Problem description =>
Lines that contain the string "Black" are the ones to list; copy all of them from the records.

[Opening Given data section]

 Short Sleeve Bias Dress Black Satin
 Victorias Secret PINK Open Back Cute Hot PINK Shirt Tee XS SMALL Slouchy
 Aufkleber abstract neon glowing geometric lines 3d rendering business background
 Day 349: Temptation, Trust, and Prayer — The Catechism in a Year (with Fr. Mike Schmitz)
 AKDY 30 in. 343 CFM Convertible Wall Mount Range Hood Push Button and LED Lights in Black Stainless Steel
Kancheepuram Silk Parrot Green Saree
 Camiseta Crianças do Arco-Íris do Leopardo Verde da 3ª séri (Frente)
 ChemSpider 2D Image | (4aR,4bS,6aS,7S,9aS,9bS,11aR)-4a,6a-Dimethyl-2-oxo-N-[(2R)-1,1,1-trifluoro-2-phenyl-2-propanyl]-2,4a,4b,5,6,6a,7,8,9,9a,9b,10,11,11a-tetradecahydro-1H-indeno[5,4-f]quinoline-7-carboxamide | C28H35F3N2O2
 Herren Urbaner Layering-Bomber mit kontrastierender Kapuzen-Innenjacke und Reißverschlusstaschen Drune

[Closing Given data section]

Exercise result =>
 Short Sleeve Bias Dress Black Satin
 AKDY 30 in. 343 CFM Convertible Wall Mount Range Hood Push Button and LED Lights in Black Stainless Steel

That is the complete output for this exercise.